As many as 58 million people will participate in college hoops bracket challenges this year, indicating that the pools are widely accepted as a standard activity in the American workplace.
"I think it kind of brings people together," said Jeff Brown, a staffer at the National Republican Congressional Committee. "It gets people involved, and it's nice if you're new and you don't know a lot of people. It can be positive if you do it right."
Taking time to study a 65-team bracket and then carving out time to watch the 64 games -- including 49 this week -- is also part of the deal. Challenger, Grey and Christmas, an employment outplacement firm, estimates that office pools will create $1.8 billion in lost productivity this year, due to the average worker wasting 100 minutes in the first week alone of the tournament, which begins Tuesday.
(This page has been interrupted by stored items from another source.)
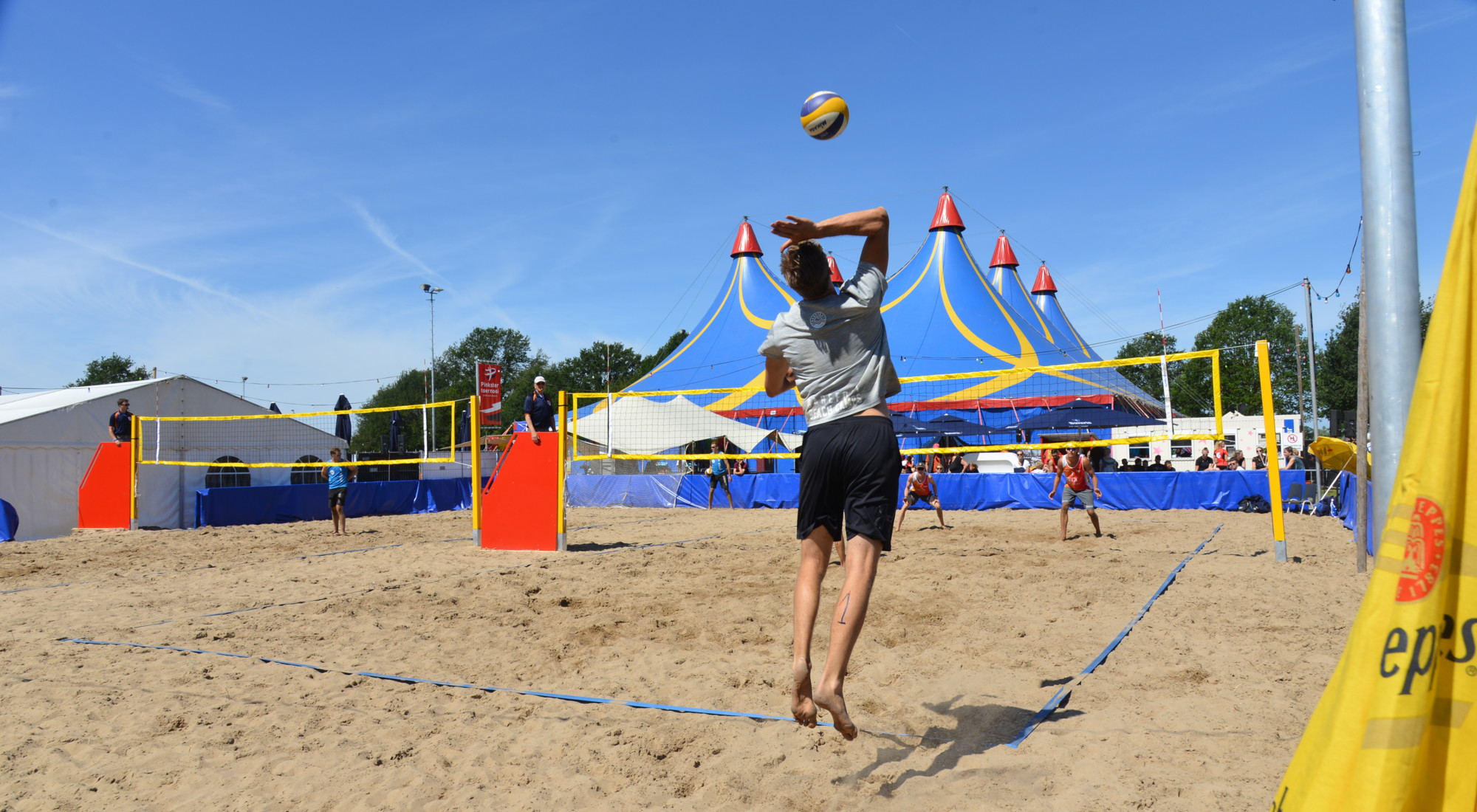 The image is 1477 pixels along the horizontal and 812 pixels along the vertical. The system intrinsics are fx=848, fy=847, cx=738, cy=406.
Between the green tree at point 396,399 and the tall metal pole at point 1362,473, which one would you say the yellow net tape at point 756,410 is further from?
→ the green tree at point 396,399

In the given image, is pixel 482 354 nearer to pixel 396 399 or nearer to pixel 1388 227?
pixel 396 399

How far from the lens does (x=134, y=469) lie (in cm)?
1244

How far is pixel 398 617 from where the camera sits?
4.95 meters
But many workers, including Brown, said there's no way to prove those minutes would have been well-spent otherwise. Even the firm's CEO, John Challenger, calls the numbers a "blip on the productivity radar."
"In fact," Challenger says, "with worker stress and anxiety heightened, a little distraction could be just what the doctor ordered."
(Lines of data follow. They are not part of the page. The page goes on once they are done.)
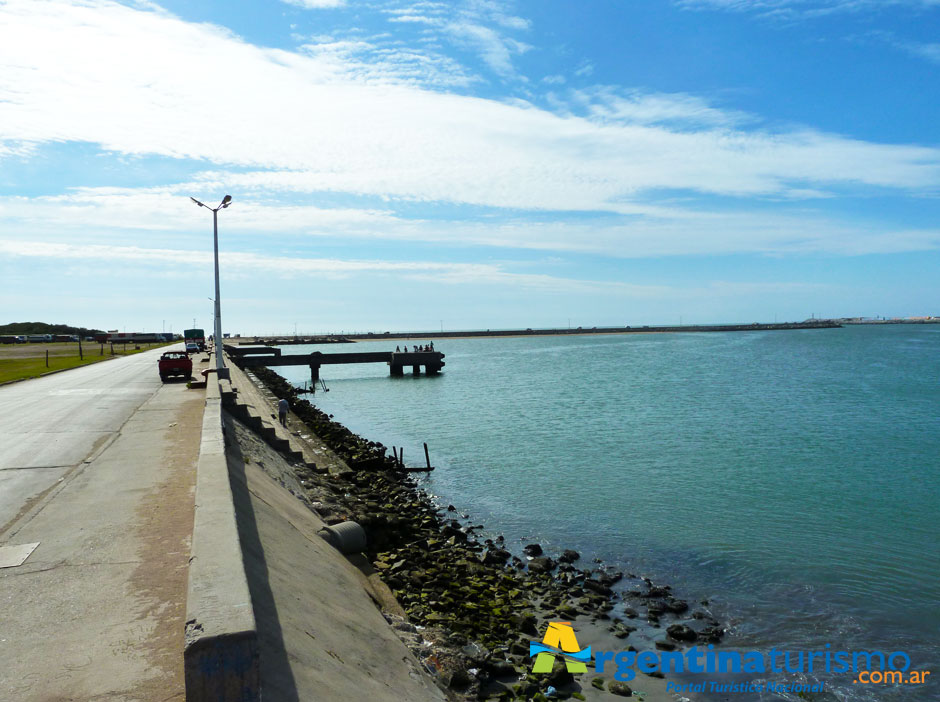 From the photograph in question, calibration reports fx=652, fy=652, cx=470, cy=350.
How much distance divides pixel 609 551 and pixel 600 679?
633 centimetres

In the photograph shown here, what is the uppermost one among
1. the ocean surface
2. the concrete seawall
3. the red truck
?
the red truck

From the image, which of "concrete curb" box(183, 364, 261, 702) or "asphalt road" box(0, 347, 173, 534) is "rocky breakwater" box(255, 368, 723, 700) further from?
"asphalt road" box(0, 347, 173, 534)

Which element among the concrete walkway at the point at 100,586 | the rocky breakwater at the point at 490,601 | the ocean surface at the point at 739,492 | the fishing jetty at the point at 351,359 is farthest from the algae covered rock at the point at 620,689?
the fishing jetty at the point at 351,359

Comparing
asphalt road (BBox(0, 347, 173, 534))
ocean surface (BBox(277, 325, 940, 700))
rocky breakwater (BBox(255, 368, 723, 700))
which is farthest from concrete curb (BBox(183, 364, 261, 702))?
ocean surface (BBox(277, 325, 940, 700))

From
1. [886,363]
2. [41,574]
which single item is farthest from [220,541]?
[886,363]

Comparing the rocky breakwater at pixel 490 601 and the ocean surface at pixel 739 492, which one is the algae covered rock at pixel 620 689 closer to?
the rocky breakwater at pixel 490 601

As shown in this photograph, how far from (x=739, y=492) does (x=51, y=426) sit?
20.9m

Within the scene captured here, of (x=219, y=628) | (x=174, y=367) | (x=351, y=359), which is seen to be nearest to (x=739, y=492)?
(x=219, y=628)

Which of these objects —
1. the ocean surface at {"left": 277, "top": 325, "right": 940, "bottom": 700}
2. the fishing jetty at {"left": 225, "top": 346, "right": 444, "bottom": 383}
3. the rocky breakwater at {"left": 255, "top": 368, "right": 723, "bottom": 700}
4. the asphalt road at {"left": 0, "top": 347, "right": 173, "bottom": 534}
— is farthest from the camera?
the fishing jetty at {"left": 225, "top": 346, "right": 444, "bottom": 383}

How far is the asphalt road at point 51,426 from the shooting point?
11.3 m

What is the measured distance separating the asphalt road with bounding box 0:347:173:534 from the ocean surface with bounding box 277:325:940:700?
10448 mm

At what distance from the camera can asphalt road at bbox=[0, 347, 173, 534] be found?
11.3 meters

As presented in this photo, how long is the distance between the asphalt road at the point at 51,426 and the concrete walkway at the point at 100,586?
0.36 meters

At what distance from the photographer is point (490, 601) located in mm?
12062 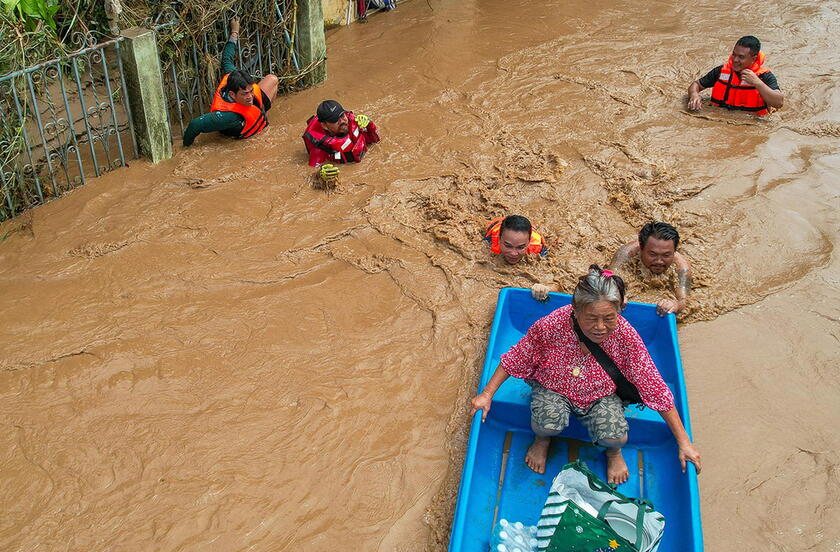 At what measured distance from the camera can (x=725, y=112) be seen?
7.35 meters

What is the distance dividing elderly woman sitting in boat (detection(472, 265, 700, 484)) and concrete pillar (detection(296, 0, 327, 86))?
4.93m

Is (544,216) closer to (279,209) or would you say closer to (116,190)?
(279,209)

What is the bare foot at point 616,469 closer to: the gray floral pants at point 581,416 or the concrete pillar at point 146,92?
the gray floral pants at point 581,416

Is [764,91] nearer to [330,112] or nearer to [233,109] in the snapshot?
[330,112]

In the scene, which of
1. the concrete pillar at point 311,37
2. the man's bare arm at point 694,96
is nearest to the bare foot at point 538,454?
the man's bare arm at point 694,96

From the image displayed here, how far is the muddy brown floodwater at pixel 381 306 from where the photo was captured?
12.5 ft

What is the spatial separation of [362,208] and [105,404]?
96.9 inches

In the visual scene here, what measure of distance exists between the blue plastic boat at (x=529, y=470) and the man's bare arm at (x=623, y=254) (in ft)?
2.43

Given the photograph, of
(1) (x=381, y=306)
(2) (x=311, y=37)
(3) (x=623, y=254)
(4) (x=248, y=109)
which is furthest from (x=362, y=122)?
(3) (x=623, y=254)

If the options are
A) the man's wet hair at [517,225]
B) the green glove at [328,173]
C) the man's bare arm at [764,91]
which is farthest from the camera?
the man's bare arm at [764,91]

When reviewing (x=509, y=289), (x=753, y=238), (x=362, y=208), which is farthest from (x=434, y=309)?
(x=753, y=238)

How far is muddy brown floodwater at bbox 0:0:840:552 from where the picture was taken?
150 inches

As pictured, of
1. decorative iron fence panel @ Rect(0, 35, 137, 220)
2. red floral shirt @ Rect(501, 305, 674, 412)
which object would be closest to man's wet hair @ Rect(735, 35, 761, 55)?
red floral shirt @ Rect(501, 305, 674, 412)

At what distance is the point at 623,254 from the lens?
5191 millimetres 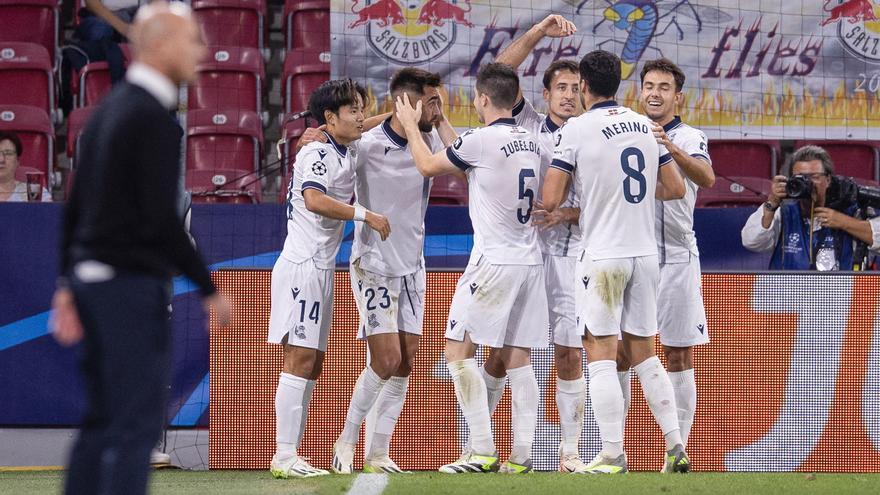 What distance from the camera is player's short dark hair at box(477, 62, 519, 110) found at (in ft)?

About one-third of companies surveyed by the Society for Human Resource Management have policies that prohibit office pools, and some four percent have disciplined a worker for participating.
But this laid-back attitude belies the fact that pools are harshly condemned by the NCAA and are illegal throughout most of the country.
Anthony Mattia once ran an office pool while working for a government contractor serving the Federal Aviation Administration in Washington. He earned a warning after he posted the standings of the bracket challenge following the first weekend of games.
"The office manager passed by and said, 'This isn't for money is it?'" Mattia said. "That could have definitely gotten me in a lot of trouble."
Rick Neuheisel, the head football coach at UCLA, was fired from the University of Washington after playing in a high-stakes basketball pool with neighbors in 2003. A manager for AT&T in New Jersey was arrested in 2002 for taking a cut of pool proceeds that totaled several thousand dollars.
But workers don't appear to be too scared off by the notion of addiction, loss of productivity or a reprimand.
"It's probably a drain on things," said Sean Doran, a paralegal who has worked for several firms in Washington. "But I think you make up for it with morale and people liking each other."